- WHAT YOU WILL DO: Nothing outside the stretch is wanted. Repeat exactly the lines of the listing below from the one that contains "I Am Part Of" through the one that contains "Obraz - Abstrakcja (170x50 cm)", both ends included.

- INFORMATION:

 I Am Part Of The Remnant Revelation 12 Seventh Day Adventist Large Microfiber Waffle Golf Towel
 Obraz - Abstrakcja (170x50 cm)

...

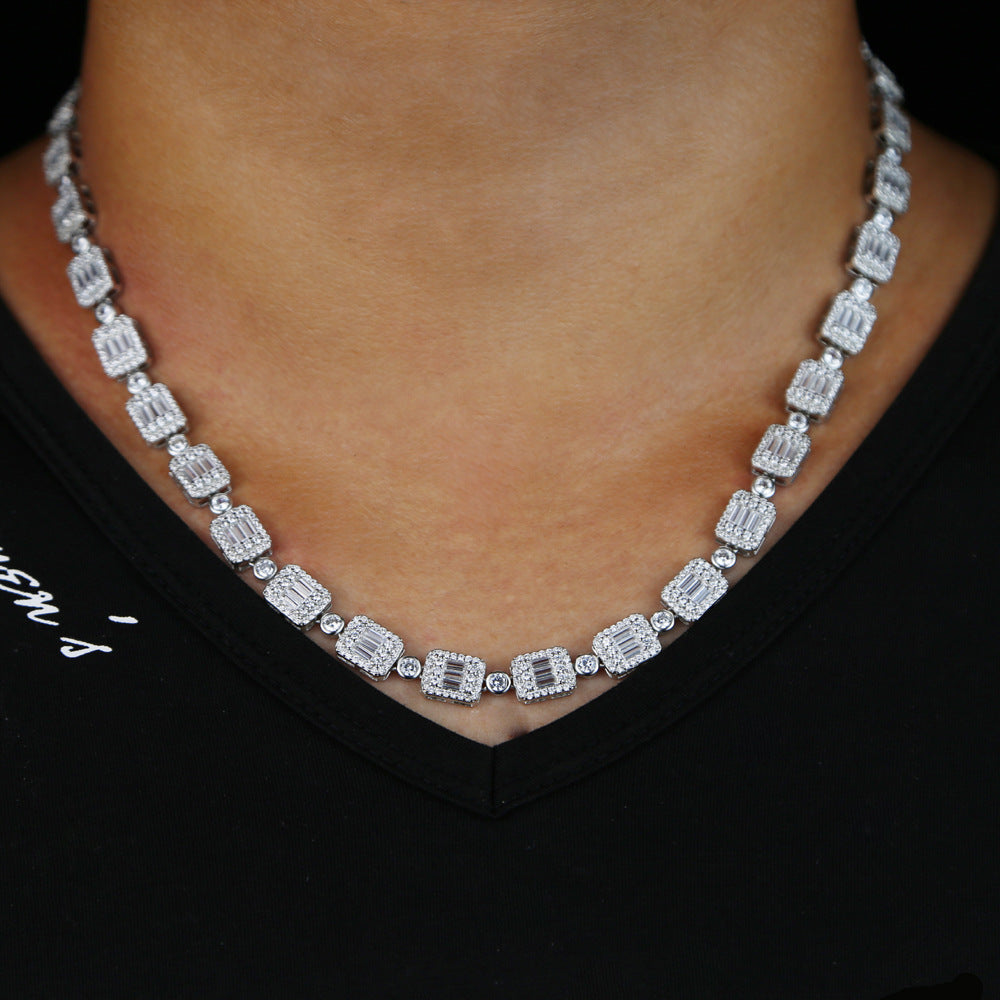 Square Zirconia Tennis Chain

- EXERCISE ANSWER:
 I Am Part Of The Remnant Revelation 12 Seventh Day Adventist Large Microfiber Waffle Golf Towel
 Obraz - Abstrakcja (170x50 cm)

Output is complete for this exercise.